PFR

3 Entropic Ruzsa calculus

In this section \(G\) will be a finite additive group. (May eventually want to generalize to infinite \(G\).)

Lemma 3.1 Negation preserves entropy
#

If \(X\) is \(G\)-valued, then \(\mathbb {H}[-X]=\mathbb {H}[X]\).

Proof

Immediate from Lemma 2.2.

If \(X,Y\) are \(G\)-valued, then \(\mathbb {H}[X \pm Y | Y]=\mathbb {H}[X|Y]\) and \(\mathbb {H}[X \pm Y, Y] = \mathbb {H}[X, Y]\).

Proof

Immediate from Lemma 2.12 and Lemma 2.13.

If \(X,Y\) are \(G\)-valued random variables on \(\Omega \), we have

\[ \max (\mathbb {H}[X], \mathbb {H}[Y]) - \mathbb {I}[X:Y] \leq \mathbb {H}[X \pm Y]. \]
Proof

By Corollary 2.19, 3.2, 2.16, 3.1 we have

\[ \mathbb {H}[X\pm Y] \geq \mathbb {H}[X\pm Y|Y] = \mathbb {H}[X|Y]= \mathbb {H}[X] - \mathbb {I}[X:Y] \]

and similarly with the roles of \(X,Y\) reversed, giving the claim.

If \(X,Y\) are \(G\)-valued random variables on \(\Omega \) and \(Z\) is another random variable on \(\Omega \) then

\[ \max (\mathbb {H}[X|Z], \mathbb {H}[Y|Z]) - \mathbb {I}[X:Y|Z] \leq \mathbb {H}[X\pm Y|Z], \]
Proof

This follows from Lemma 3.3 by conditioning to \(Z = z\) and summing over \(z\) (weighted by \( \mathbb {P}[Z=z]\)).

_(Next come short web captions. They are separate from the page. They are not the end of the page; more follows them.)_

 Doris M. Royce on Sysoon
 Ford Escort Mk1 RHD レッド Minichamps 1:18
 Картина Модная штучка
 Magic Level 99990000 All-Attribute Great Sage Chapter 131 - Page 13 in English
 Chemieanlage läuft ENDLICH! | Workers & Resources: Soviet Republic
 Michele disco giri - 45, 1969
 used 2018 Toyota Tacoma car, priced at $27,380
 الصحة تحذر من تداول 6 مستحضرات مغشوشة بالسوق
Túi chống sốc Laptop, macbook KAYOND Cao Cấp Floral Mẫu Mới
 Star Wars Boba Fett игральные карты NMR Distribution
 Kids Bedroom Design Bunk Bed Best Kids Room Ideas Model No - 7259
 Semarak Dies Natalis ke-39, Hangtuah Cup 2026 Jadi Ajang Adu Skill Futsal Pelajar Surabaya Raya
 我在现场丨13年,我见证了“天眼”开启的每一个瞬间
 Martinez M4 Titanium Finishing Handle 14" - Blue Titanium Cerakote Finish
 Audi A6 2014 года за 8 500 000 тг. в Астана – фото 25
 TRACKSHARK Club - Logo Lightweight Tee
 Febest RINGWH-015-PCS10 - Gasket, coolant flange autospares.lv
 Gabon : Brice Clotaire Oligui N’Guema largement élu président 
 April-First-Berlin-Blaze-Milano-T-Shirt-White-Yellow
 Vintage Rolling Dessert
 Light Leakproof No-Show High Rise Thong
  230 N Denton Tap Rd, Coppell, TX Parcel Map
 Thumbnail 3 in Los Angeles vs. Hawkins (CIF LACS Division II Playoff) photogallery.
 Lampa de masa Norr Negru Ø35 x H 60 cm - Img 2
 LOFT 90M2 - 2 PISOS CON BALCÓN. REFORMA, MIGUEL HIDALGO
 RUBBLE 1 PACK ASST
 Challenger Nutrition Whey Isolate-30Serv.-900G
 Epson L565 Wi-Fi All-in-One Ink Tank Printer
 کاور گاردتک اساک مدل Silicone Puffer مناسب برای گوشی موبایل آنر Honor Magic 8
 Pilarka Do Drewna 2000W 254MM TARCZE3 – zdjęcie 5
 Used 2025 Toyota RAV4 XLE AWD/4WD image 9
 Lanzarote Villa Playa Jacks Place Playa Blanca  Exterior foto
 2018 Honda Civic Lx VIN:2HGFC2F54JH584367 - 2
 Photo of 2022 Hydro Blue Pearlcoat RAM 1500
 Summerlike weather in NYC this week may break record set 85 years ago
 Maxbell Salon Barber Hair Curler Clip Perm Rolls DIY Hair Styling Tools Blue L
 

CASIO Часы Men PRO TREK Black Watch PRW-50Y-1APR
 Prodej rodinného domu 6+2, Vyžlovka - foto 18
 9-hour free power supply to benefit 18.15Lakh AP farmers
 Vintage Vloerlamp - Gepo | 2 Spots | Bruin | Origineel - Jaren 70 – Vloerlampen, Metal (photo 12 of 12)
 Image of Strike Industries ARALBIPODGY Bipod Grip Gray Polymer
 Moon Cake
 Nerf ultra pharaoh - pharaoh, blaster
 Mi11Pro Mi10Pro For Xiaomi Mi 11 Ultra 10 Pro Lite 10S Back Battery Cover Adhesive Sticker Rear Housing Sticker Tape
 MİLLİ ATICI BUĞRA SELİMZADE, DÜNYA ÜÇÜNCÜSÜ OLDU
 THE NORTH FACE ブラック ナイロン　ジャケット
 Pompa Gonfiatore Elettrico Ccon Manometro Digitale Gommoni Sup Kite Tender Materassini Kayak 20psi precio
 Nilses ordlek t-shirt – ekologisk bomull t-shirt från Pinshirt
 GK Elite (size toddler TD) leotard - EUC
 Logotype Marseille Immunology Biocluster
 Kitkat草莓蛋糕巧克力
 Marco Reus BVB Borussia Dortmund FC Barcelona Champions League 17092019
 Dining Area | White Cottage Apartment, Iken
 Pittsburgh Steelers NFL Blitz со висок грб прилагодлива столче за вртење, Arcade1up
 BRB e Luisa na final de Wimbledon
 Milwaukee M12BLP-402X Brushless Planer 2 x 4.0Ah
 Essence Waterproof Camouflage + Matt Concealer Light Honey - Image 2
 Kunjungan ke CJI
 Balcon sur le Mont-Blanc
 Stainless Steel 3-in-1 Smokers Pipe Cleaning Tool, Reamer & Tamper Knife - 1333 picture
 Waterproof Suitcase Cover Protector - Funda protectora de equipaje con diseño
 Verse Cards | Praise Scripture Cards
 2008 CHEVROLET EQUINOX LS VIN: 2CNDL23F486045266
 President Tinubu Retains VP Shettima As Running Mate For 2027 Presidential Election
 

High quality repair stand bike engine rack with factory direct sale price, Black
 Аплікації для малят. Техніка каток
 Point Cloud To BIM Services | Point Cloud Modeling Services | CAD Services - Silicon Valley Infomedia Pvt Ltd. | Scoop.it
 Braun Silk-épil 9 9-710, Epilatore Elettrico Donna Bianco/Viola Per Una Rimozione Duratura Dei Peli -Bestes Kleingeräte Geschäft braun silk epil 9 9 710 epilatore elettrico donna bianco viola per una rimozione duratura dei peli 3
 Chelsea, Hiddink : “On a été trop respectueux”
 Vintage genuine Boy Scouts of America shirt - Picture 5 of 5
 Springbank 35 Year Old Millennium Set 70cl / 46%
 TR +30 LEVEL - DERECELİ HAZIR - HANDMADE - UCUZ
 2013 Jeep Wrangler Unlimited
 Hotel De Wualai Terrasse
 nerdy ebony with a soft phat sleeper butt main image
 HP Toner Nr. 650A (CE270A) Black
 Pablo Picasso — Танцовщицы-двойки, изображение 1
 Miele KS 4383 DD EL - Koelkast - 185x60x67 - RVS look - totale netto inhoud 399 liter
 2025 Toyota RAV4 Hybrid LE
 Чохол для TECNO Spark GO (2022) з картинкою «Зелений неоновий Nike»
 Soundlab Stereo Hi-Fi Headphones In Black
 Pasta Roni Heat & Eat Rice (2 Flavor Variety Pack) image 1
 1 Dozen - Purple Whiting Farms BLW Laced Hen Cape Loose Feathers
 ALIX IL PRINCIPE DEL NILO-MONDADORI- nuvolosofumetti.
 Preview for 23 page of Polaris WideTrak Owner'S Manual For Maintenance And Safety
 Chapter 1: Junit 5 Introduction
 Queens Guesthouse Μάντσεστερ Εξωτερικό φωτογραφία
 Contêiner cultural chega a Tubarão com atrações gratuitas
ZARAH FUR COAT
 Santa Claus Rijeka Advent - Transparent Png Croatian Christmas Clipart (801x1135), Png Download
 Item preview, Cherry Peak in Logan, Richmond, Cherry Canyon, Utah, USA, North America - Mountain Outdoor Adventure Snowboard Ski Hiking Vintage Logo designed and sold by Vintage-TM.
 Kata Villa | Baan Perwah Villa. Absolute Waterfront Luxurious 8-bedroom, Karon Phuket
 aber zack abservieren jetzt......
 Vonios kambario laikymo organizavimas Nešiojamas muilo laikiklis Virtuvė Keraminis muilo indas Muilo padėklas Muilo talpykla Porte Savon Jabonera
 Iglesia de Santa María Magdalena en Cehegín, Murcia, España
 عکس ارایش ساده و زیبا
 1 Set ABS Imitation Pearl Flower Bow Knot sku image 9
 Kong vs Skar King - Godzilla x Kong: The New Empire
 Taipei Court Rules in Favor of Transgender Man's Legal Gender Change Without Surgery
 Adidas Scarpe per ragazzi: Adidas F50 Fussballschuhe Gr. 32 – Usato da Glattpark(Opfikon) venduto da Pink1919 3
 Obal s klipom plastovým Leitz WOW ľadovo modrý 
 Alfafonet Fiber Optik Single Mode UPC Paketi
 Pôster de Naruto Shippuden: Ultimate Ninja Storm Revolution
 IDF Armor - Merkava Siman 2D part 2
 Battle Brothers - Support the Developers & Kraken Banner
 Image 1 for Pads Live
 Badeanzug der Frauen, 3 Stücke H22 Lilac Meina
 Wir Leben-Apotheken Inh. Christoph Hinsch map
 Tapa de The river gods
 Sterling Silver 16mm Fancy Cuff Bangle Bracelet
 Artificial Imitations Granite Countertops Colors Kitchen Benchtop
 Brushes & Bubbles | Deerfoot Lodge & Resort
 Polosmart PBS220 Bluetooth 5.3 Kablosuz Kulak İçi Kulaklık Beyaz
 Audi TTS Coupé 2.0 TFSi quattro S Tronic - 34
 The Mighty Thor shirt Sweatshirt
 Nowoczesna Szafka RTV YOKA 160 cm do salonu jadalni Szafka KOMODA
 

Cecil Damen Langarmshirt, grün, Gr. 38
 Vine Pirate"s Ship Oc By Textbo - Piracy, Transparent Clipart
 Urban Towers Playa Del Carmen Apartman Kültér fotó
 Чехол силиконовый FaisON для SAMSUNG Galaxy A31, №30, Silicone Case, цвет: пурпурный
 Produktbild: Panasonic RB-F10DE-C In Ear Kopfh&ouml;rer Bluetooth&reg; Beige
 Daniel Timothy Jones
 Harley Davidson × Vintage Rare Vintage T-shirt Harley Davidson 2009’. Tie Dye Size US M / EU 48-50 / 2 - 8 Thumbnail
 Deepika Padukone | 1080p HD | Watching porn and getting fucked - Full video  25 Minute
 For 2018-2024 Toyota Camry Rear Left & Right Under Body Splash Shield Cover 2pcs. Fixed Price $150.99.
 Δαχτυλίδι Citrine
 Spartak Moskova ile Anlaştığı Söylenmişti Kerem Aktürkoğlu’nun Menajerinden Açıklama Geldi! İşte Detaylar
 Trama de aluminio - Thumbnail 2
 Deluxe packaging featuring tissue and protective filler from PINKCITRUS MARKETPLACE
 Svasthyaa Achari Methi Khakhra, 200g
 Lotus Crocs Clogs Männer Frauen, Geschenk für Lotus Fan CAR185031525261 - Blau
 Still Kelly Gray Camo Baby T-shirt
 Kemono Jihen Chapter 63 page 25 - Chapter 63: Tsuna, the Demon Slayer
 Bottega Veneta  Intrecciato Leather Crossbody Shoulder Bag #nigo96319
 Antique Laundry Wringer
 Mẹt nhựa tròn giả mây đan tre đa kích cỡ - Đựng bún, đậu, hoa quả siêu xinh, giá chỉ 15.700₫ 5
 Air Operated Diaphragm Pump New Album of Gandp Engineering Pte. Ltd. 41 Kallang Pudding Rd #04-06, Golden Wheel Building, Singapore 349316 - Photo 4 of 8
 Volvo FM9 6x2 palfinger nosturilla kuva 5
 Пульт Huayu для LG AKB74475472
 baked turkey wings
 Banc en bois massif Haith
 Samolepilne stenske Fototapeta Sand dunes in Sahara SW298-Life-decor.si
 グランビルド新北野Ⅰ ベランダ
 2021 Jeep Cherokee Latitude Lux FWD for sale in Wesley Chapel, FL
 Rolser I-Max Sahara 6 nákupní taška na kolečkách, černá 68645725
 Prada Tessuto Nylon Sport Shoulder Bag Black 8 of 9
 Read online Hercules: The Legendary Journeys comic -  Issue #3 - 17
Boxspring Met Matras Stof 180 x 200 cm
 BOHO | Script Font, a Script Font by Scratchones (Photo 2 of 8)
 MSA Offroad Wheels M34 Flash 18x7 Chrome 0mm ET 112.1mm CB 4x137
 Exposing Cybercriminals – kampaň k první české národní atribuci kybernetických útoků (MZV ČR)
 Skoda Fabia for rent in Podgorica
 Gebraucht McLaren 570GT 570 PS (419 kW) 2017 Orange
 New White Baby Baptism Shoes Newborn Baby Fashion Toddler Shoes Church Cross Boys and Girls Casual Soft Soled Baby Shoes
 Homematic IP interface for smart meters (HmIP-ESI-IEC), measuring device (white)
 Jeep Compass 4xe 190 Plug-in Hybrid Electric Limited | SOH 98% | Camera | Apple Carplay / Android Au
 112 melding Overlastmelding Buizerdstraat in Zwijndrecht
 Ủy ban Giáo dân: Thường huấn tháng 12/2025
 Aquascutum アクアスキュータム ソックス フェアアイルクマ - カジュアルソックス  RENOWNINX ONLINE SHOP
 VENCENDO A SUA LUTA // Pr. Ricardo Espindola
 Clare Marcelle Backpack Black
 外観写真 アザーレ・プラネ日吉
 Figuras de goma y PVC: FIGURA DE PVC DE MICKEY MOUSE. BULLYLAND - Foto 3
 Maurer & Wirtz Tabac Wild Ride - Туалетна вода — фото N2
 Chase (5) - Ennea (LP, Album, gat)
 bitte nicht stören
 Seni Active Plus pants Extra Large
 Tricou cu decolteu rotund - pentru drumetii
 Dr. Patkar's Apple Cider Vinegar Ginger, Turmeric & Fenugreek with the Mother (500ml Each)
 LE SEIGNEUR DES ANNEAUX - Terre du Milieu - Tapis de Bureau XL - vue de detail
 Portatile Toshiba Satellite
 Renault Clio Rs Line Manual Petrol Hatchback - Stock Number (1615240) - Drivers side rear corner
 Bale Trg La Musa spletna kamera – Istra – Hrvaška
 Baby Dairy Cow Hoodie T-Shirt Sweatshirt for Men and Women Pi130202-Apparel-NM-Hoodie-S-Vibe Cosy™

Corollary 3.5 Independent lower bound on sumset

If \(X,Y\) are independent \(G\)-valued random variables, then

\[ \max (\mathbb {H}[X], \mathbb {H}[Y]) \leq \mathbb {H}[X\pm Y]. \]
Proof

Combine Lemma 3.3 with Lemma 2.23.

One random variable is said to be a copy of another if they have the same distribution.

Lemma 3.6 Copy preserves entropy

If \(X'\) is a copy of \(X\) then \(\mathbb {H}[X'] = \mathbb {H}[X]\).

Proof

Immediate from Definition 2.1.

Let \(X_i : \Omega _i \to S_i\) be random variables for \(i=1,\dots ,k\). Then if one gives \(\prod _{i=1}^k S_i\) the product measure of the laws of \(X_i\), the coordinate functions \((x_j)_{j=1}^k \mapsto x_i\) are jointly independent random variables which are copies of the \(X_1,\dots ,X_k\).

Proof

Explicit computation.

Definition 3.8 Ruzsa distance
#

Let \(X,Y\) be \(G\)-valued random variables (not necessarily on the same sample space). The Ruzsa distance \(d[X ;Y]\) between \(X\) and \(Y\) is defined to be

\[ d[X ;Y] := \mathbb {H}[X' - Y'] - \mathbb {H}[X']/2 - \mathbb {H}[Y']/2 \]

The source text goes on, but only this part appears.